Reputation: 584
I have a data frame that looks like this:
df = data.frame(animals = c("cat; dog; bird", "dog; bird", "bird"), sentences = c("the cat is brown; the dog is barking; the bird is green and blue", "the bird is yellow and blue", "the bird is blue"),year= c("2010","2012","2001"), stringsAsFactors = F)
df$year <- as.numeric(df$year)
> df
animals sentences year
1 cat; dog bird the cat is brown; the bird is green and blue 2010
2 dog; bird the dog is black; the bird is yellow and blue 2012
3 bird the bird is blue 2001
I would like to get the sum of animals inside the column sentences from the previous 5 years including the same year.
Edit
For example: in row2 the animals dog and bird, are repeated 3 times in the sentences column in the previous 5 years (including the same year) = year 2012: the dog is black; the bird is yellow and blue, and year 2010: the bird is green and blue, for a total of SUM = 3.
Desired Outcome
# A tibble: 3 x 4
animals sentences year SUM
<chr> <chr> <dbl> <int>
1 cat; dog; bird the cat is brown; the bird is green and blue 2010 2
2 dog; bird the dog is black; the bird is yellow and blue 2012 3
3 bird the bird is blue 2001 1
Solution
I have used the following code from here and added a logical operator:
animals[(year>=year-5) & (year<=year)]
, but it does not give me my desired output. What am I doing wrong?
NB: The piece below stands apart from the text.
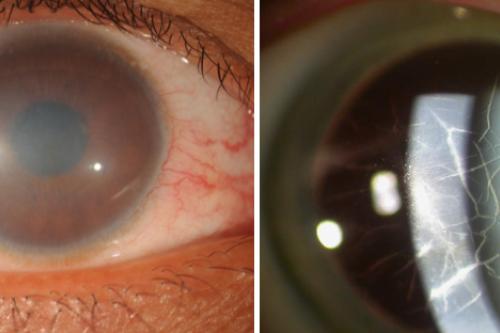 Two side-by-side close-up images of an eye showing cloudy corneal changes, including a hazy gray opacity across the front of the eye and a magnified slit-lamp view with visible corneal irregularities.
string <- unlist(str_split(df$sentences, ";"))
df %>% rowwise %>%
mutate(SUM = str_split(animals[(year>=year-5) & (year<=year)], "; ", simplify = T) %>%
map( ~ str_count(string, .)) %>%
unlist %>% sum)
Any help would be much appreciated :) .
Upvotes: 0
Views: 776
Reputation: 14774
Try:
library(dplyr)
df %>%
mutate(SUM = sapply(strsplit(animals, "; "), length),
SUM = sapply(year, function(x) sum(SUM[between(year, x - 5 + 1, x)])))
This is the output:
animals sentences year SUM
1 cat; dog; bird the cat is brown; the dog is barking; the bird is green and blue 2010 3
2 dog; bird the dog is black; the bird is yellow and blue 2018 2
3 bird the bird is blue 2001 1
Of course in 2010
it doesn't correspond to your desired output as you haven't provided the data for before.
Upvotes: 2